Current international guidelines report a six-week mortality rate of 10–20% among patients with acute VB [26], which is similar with that reported in our study among patients with variceal rebleeding (11.1%). In contrast, patients who developed early PBU rebleeding exhibited a marked higher six-week mortality rate (36.4%), substantially exceeding that observed in patients without early rebleeding (7.3%). This difference was more pronounced than that reported in other studies, where mortality rates were 30.8% in rebleeding patients and 21.8% in non-rebleeding patients [27]. In our study, MELD score, serum albumin level, platelet count, and the presence of PBU independently predicted six-week mortality. Among these factors, PBU rebleeding emerged as the strongest predictor of mortality, while higher serum albumin levels demonstrated a protective effect. In line with our findings, Ahmed et al. also identified MELD score as a predictor of mortality in patients with variceal bleeding, along with Child–Pugh score, ALBI grade, and PALBI grade [28].
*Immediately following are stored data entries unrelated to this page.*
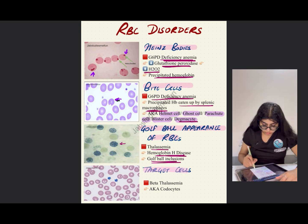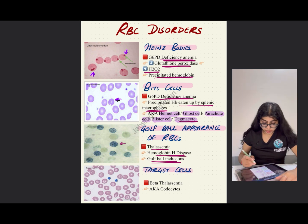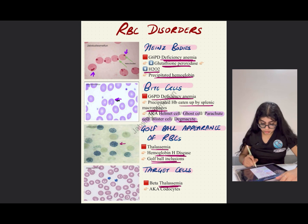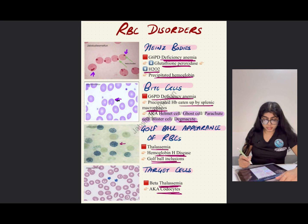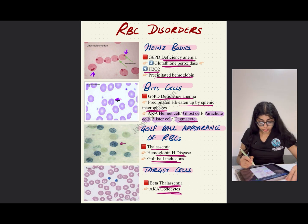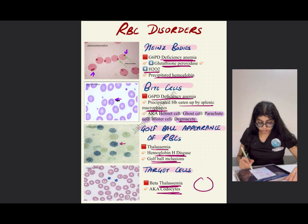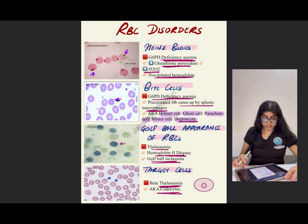Next is the target cell — another very commonly asked question. Seen in beta thalassemia, target cells are also known as codocytes. You can see that there is a target sign, like the targets used in archery, with an outer circle and an inner circle — it looks like a target sign.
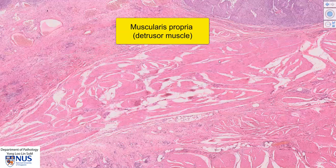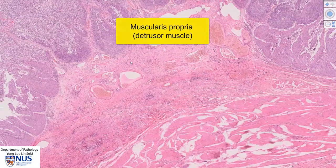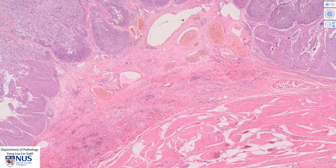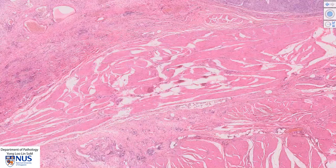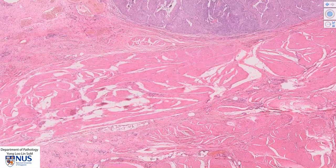This is very important in staging because tumors that infiltrate into or through the muscularis mucosae are still within the lamina propria of the bladder wall, whereas tumors that go into the muscularis propria or the detrusor muscle are at a higher stage.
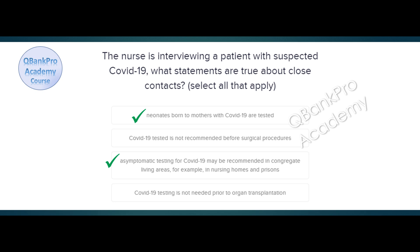Explanation. COVID-19 testing may be recommended in some patients undergoing invasive procedures. Asymptomatic testing may be recommended in congregate living facilities.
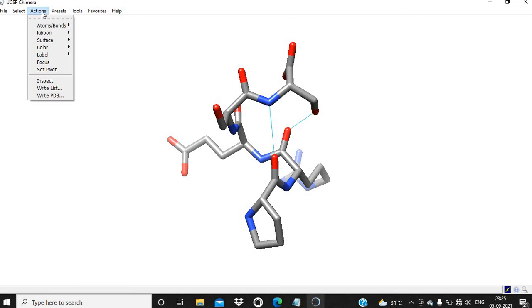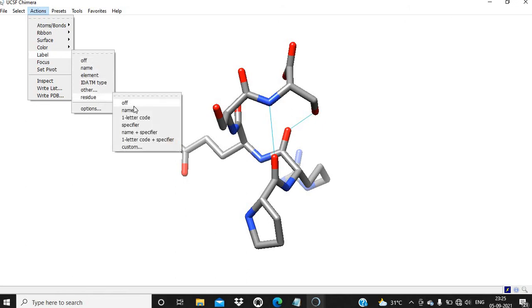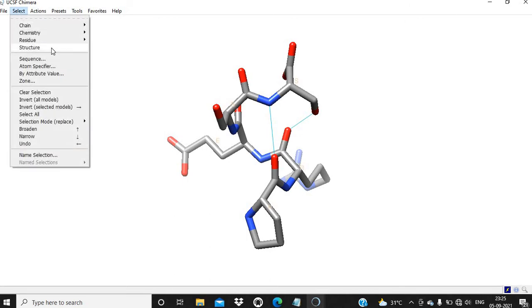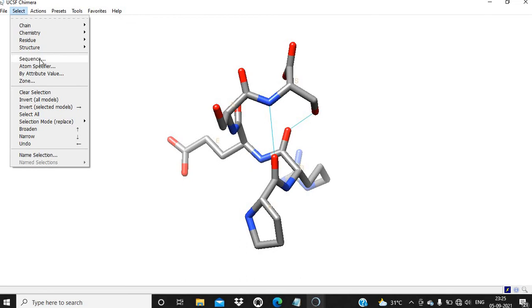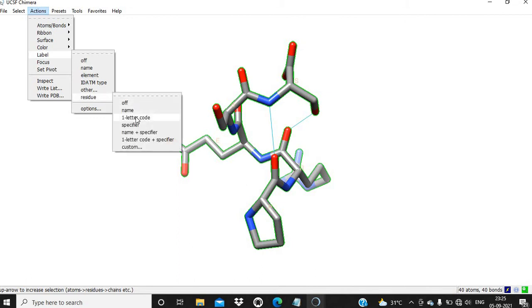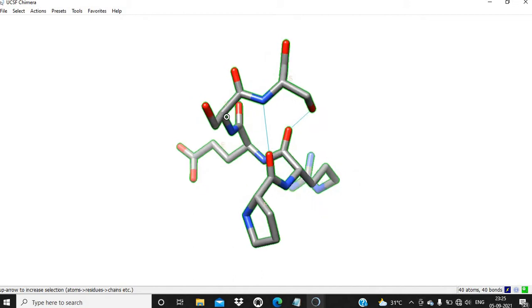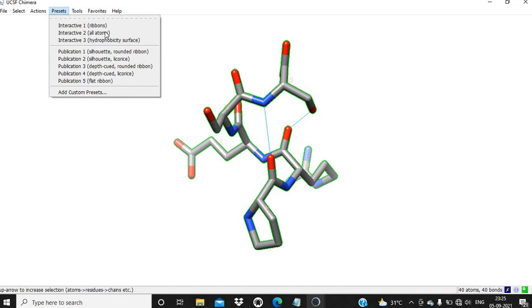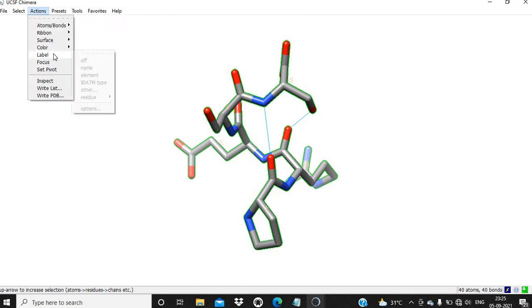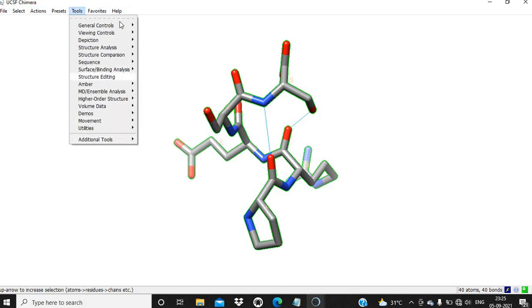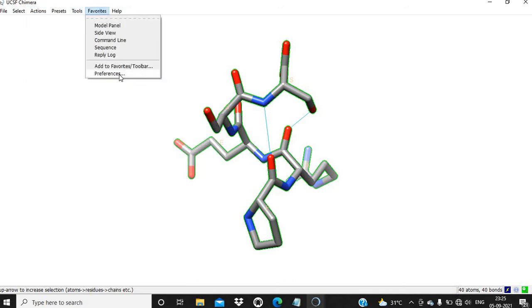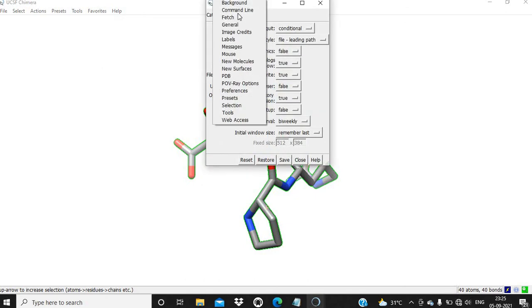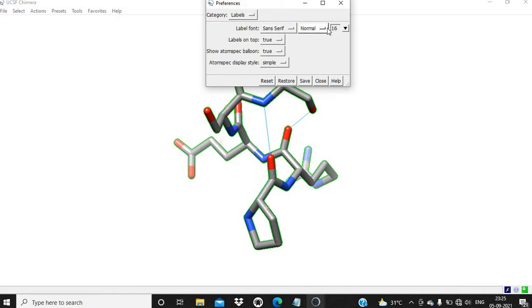We can also label the residues in the peptide. Label, residue, one letter code. Let me select first, one letter code. It's not appearing. It's here, but it's not visible.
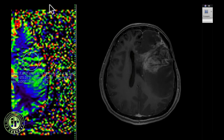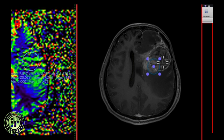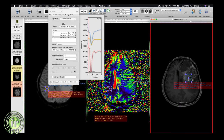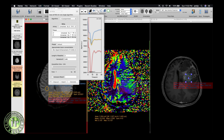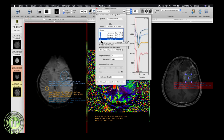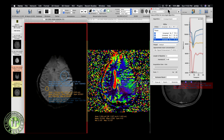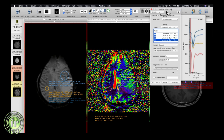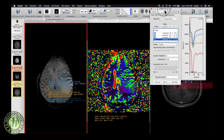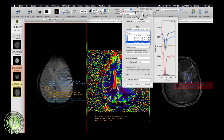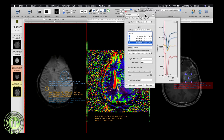ROIs can also be drawn on the enhancing portion of the tumor in the T1 post-contrast sequence, and this ROI can be copied onto the corresponding CBV and native perfusion images. Selecting this ROI will give the signal intensity-time curve for that ROI, seen here in dark blue. This is how one can perform perfusion analysis using the open source software UMM Perfusion, which is freely available — the link will be shared in the comments below.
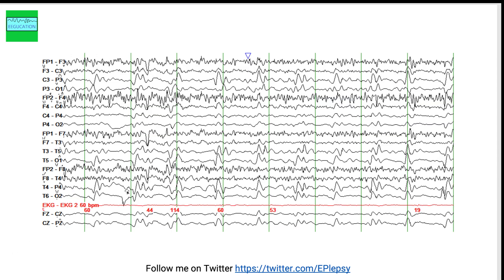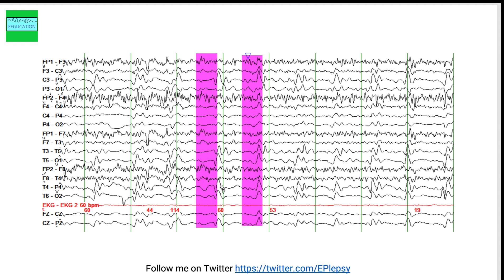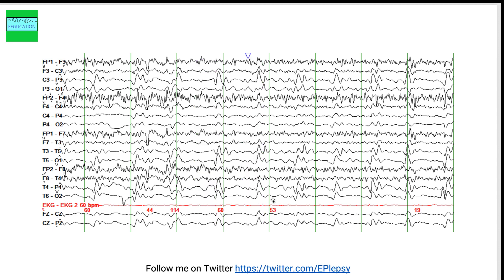This patient had a rapidly progressive dementia. You see periodic discharges at a rate of one per second. This is a finding that can be seen in patients with CJD — Creutzfeldt-Jakob disease — which is a form of rapidly progressive dementia. This is a pattern you need to recognize for your exams.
This study has several limitations that should be acknowledged. First, its retrospective, single-center design may introduce residual confounding and limit the generalizability of the findings to other clinical settings. Differences in patient populations, management strategies, and endoscopic practices across centers may influence outcomes and therefore restrict the external applicability of our results. Prospective multicenter studies are needed to externally validate these findings. Second, given the relatively small number of rebleeding events, the high predictive performance of the model (AUC 0.981) should be interpreted with caution, as a degree of overfitting cannot be entirely excluded. Although internal validation using bootstrap resampling supported the stability of the main predictors, external validation in larger independent cohorts is required. Third, endoscopic procedures and ultrasound assessments were performed by multiple operators, which may have introduced a degree of inter-observer variability. Fourth, hepatic venous pressure gradient measurements were not available, and liver disease severity was therefore assessed using validated surrogate scores, such as MELD and ALBI, which may not fully capture portal hemodynamic status. In addition, the relatively small number of post-banding ulcer rebleeding events may have limited the statistical power of subgroup analyses.
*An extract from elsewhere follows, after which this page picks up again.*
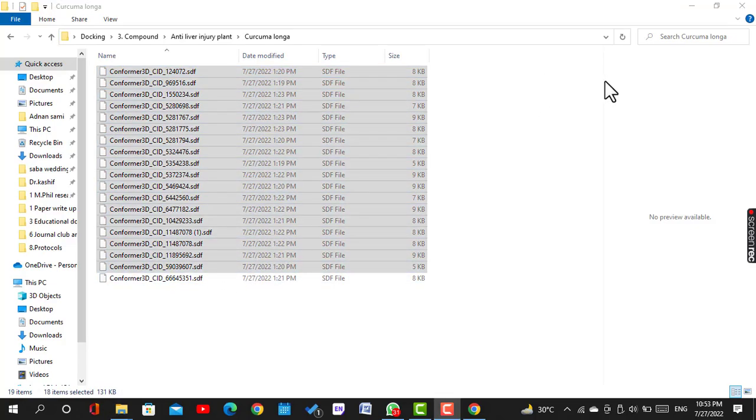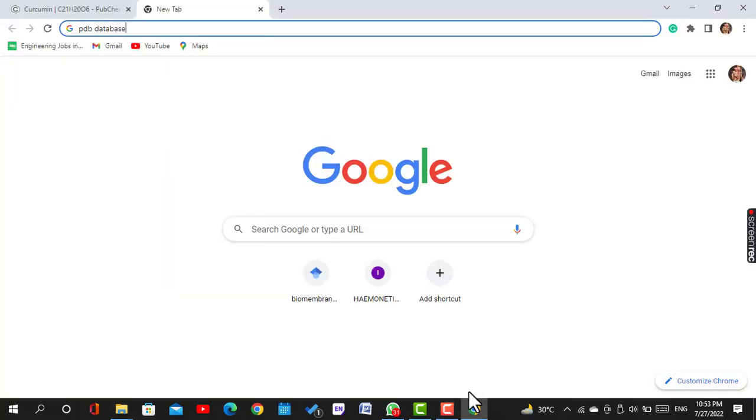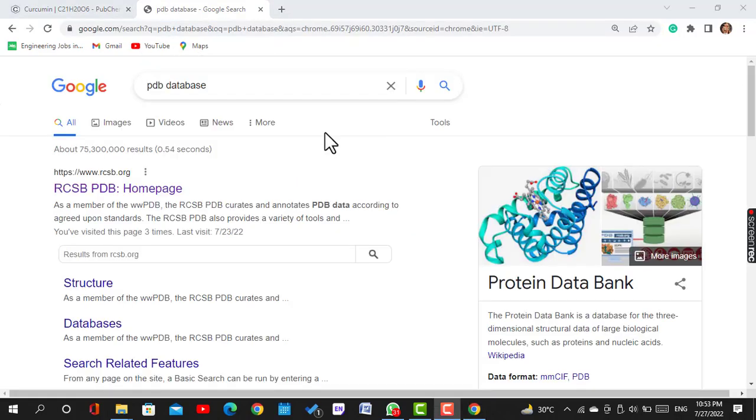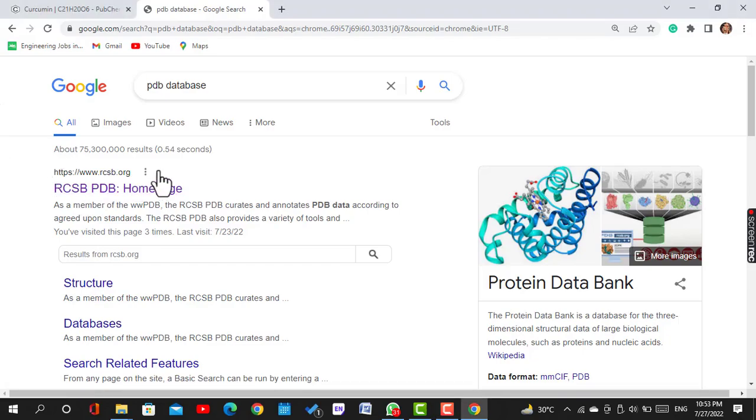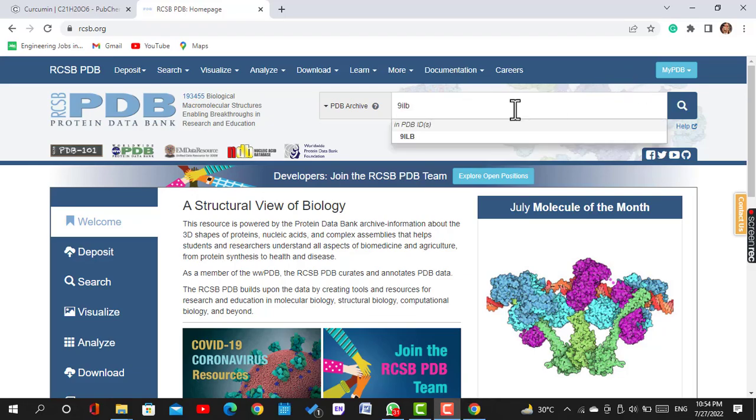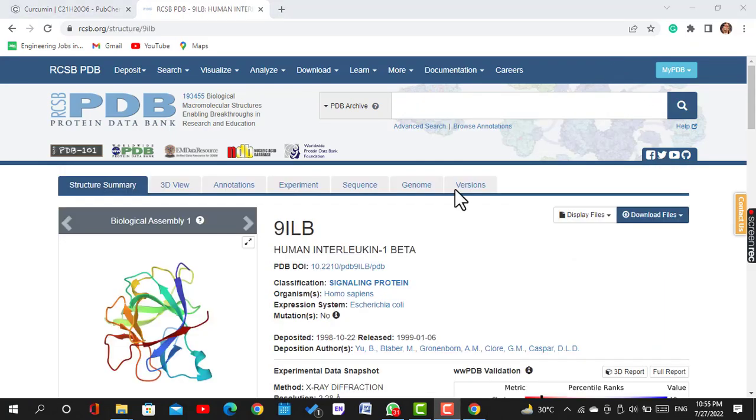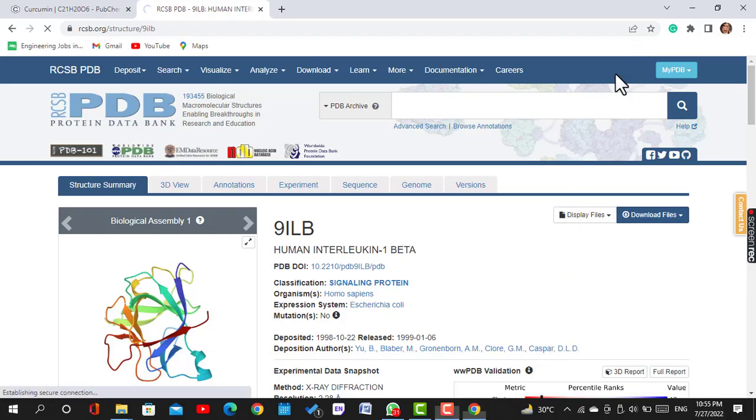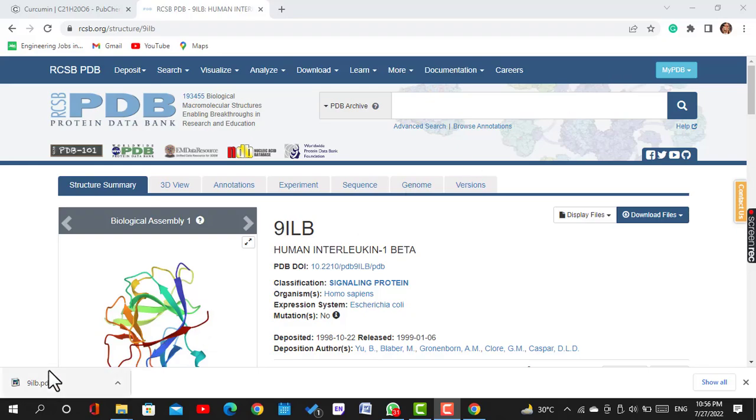Next we download 3D structures of the receptor. We open PDB, Protein Data Bank website. Here we search for the desired receptor protein. For example, I want to search 9ILB receptor protein. This one is the 9ILB human interleukin 1 beta. We download its PDB format. This one is your desired receptor protein.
By separately analyzing variceal and post-banding ulcer rebleeding, this study provides additional insight into the heterogeneous mechanisms underlying early rebleeding after therapeutic EVL and highlights the potential value of tailored risk stratification strategies in patients with cirrhosis.
5. Conclusions
Early rebleeding after EVL represents a frequent and severe complication in patients with liver cirrhosis, with a significant impact on short-term outcomes. In our study, hemoglobin level and the number of bands applied during the index procedure emerged as robust independent predictors of early variceal rebleeding, while ALBI grade may represent a potential marker of early variceal rebleeding risk, although larger studies are required to validate its predictive role. Fibrinogen was the only predictor of early PBU rebleeding in multivariable analysis. Moreover, MELD score, serum albumin level, platelet count, and the occurrence of PBU rebleeding independently predicted six-week mortality.
These findings underscore the heterogeneous mechanisms underlying early rebleeding after EVL and highlight the importance of a comprehensive clinical, laboratory, and endoscopic evaluation for risk stratification in cirrhotic patients.